Mientras que los microorganismos residentes de las manos forman parte de la microbiota cutánea habitual y desempeñan un papel protector en la salud, los transitorios se adquieren mediante actividades cotidianas, como el uso de los sanitarios o la manipulación de alimentos crudos. Aunque muchos de estos colonizadores temporales son inocuos, otros poseen un potencial patógeno capaz de propagar enfermedades.
Mantener las manos limpias es una de las mejores maneras de eliminar microorganismos nocivos, evitar enfermedades y prevenir la propagación de patógenos a otras personas. Las cifras indican que el correcto lavado de manos reduce la cantidad de personas que contraen diarrea entre un 23 % y un 40 %; disminuye las enfermedades respiratorias, como los resfriados, en la población general entre un 16 % y un 21 % y evita el absentismo escolar por enfermedades gastrointestinales entre un 29 % y un 57 %.
Pero ojo, porque para mantener las manos limpias no basta con un lavado de manos eficaz: también hay que secarlas. Al fin y al cabo, las manos húmedas tienen mayor probabilidad de transmitir microorganismos que las completamente secas.
¿Aire caliente, aire rápido o toallas de papel?
Los baños públicos disponen de diversas alternativas para el secado de manos, principalmente toallas de tela o papel y dispositivos eléctricos. Las toallas de tela y de papel secan las manos absorbiendo agua, mientras que los secadores eléctricos retiran la humedad de las manos con chorros de aire. Para ello recurren a un flujo de aire caliente (secadores de aire caliente) que evapora el agua o un flujo potente de aire a alta velocidad (secadores de aire a chorro) que la elimina.
Pues bien, aunque varios estudios han demostrado que el uso apropiado de toallas de papel o secadores de aire a chorro disminuye la cantidad de bacterias en las manos lavadas, se ha sugerido que los secadores de aire a chorro, debido a su método de eliminación de agua, pueden crear pequeños aerosoles que dispersan microorganismos en el aire del baño.
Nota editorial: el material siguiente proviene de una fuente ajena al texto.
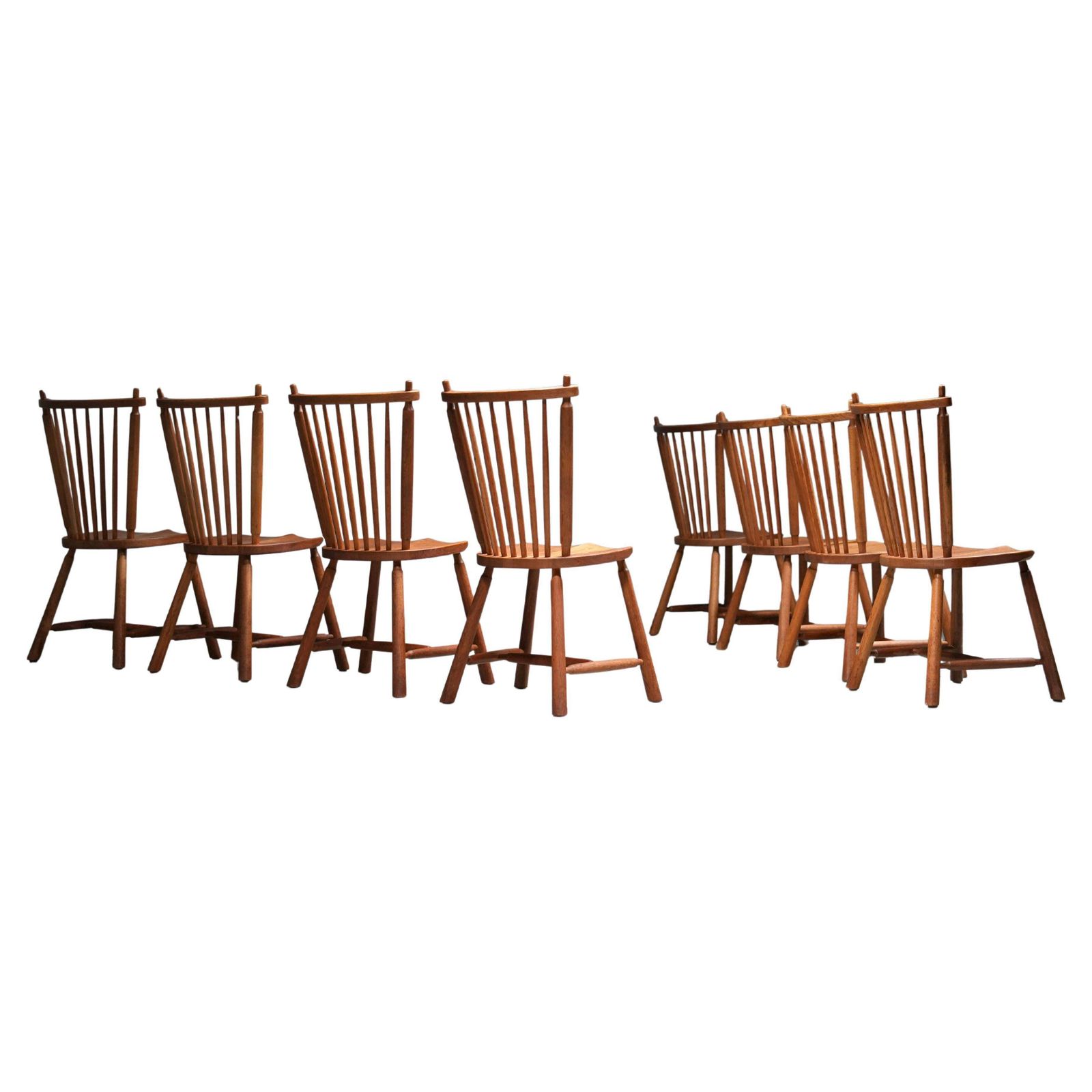 Set Van 8 Spijlenrugstoelen In Eiken Van 'De Ster' Gelderland, Jaren 1960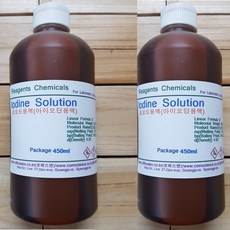 요오드용액 (아이오딘용액) 0.1N(0.05mol) 화)450ml 0.05mol Iodine solution(0.1N), 1개, 450ml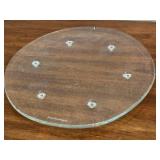 K - Pukeberg Glass Tray - 13-Inch Diameter - Vintage Swedish Display Piece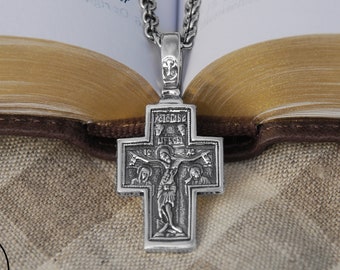 Colar masculino com pingente de crucifixo grego de Jesus em prata - Cruz ortodoxa com Virgem Maria - Pingente de crucifixo com Virgem Maria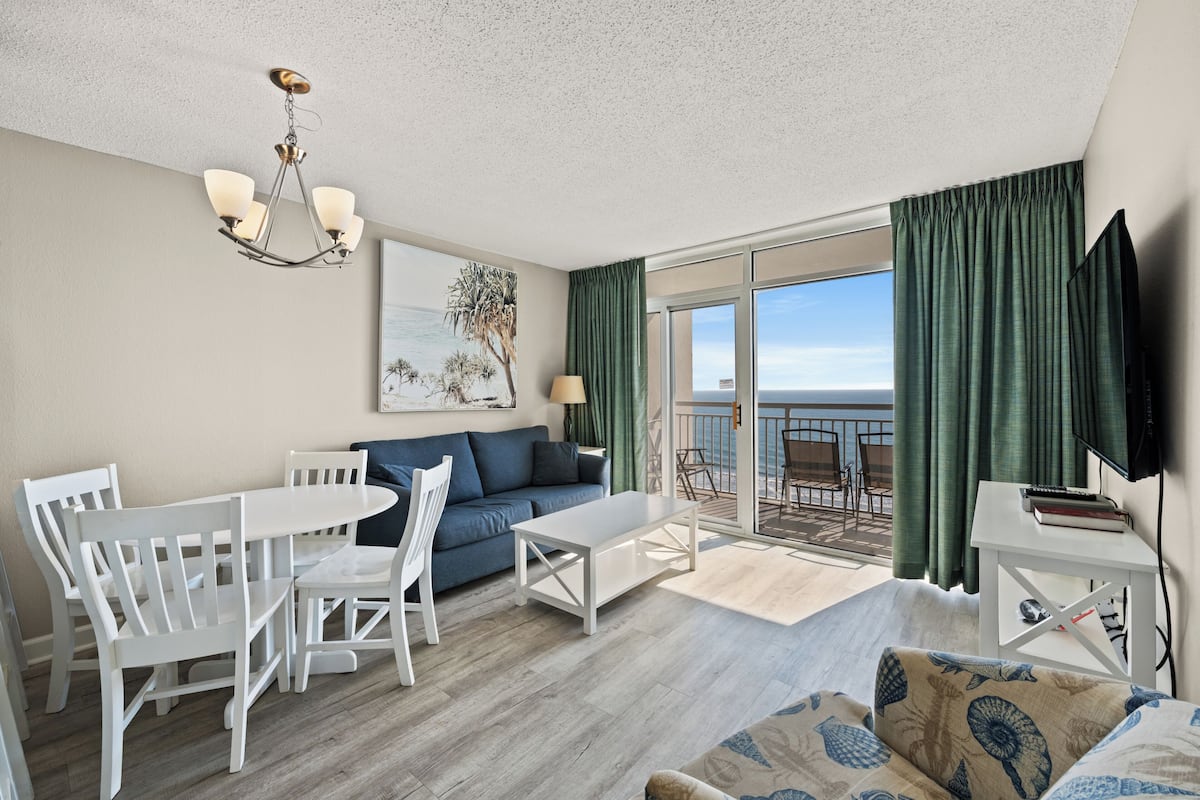 Deluxe Condo, 2 Bedrooms, Ocean View, Oceanfront (1008) | Living area | TV, DVD player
De hecho, el proceso de secado de manos puede generar tanto los citados aerosoles –es decir, pequeñas partículas sólidas o líquidas suspendidas en el aire– como gotas “balísticas”, más grandes.
Los secadores de aire a chorro suelen generar más gotas balísticas que las toallas de papel. No obstante, debido a su mayor tamaño, estas se depositan rápidamente en el suelo o las paredes alrededor del dispositivo, lo que supone un riesgo relativamente bajo de transmisión de infecciones.
En términos de dispersión de microorganismos en el aire interior, la literatura es inconsistente. Varios estudios han demostrado concentraciones comparables de bacterias en el aire para secadores de aire a chorro y toallas de papel. Sin embargo, otros trabajos han identificado una mayor dispersión de bacterias y de virus en el aire al usar secadores eléctricos.
La industria ha respondido implementando filtros HEPA –del inglés High Efficiency Particulate Air, filtro de partículas de alta eficiencia– en los aparatos. Estos filtros están diseñados para atrapar al menos el 99,97 % de las partículas suspendidas en el aire con un diámetro igual o superior a 0,3 micras. Esto incluye polvo, polen, esporas de hongos y bacterias. En los secadores de manos equipados con filtro HEPA, normalmente modelos de alta gama, el aire entra en la unidad y pasa a través del filtro antes de llegar a las manos, lo que mitiga significativamente el riesgo de contaminación. Sin embargo, los filtros pierden eficacia con el tiempo y la carga de trabajo, por lo que es necesario realizar un mantenimiento correcto.
Si bien varias investigaciones han encontrado cierta relación entre los secadores de manos y la propagación de gérmenes a través de gotitas y aerosoles, la extensión y el alcance de la contaminación siguen sin estar claros y son necesarios más datos para inferir una conclusión correcta.